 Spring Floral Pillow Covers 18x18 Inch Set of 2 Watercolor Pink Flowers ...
=====
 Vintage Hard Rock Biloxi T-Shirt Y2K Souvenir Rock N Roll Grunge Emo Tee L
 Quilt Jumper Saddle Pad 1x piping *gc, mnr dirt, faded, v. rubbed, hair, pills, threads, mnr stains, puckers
=====
■ **Task directions**
Among the entries above, find the line with "Vintage Hard Rock" and the line with "Quilt Jumper Saddle"; give again exactly these two lines and all lines between them.

■ **Written reply**
 Vintage Hard Rock Biloxi T-Shirt Y2K Souvenir Rock N Roll Grunge Emo Tee L
 Quilt Jumper Saddle Pad 1x piping *gc, mnr dirt, faded, v. rubbed, hair, pills, threads, mnr stains, puckers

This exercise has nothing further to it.